▸ **WHAT YOU SHOULD DO**: Each entry below should be retyped exactly as given.

SUPPLIED MATERIAL: Begin

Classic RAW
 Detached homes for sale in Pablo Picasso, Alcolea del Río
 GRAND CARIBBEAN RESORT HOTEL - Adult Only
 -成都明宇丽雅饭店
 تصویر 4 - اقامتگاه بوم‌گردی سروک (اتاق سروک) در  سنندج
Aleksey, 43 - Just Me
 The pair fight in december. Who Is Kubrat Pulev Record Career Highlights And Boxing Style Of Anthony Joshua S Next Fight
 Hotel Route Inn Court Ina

SUPPLIED MATERIAL: End

▸ **SOLUTION TO THE EXERCISE**:
Classic RAW
 Detached homes for sale in Pablo Picasso, Alcolea del Río
 GRAND CARIBBEAN RESORT HOTEL - Adult Only
 -成都明宇丽雅饭店
 تصویر 4 - اقامتگاه بوم‌گردی سروک (اتاق سروک) در  سنندج
Aleksey, 43 - Just Me
 The pair fight in december. Who Is Kubrat Pulev Record Career Highlights And Boxing Style Of Anthony Joshua S Next Fight
 Hotel Route Inn Court Ina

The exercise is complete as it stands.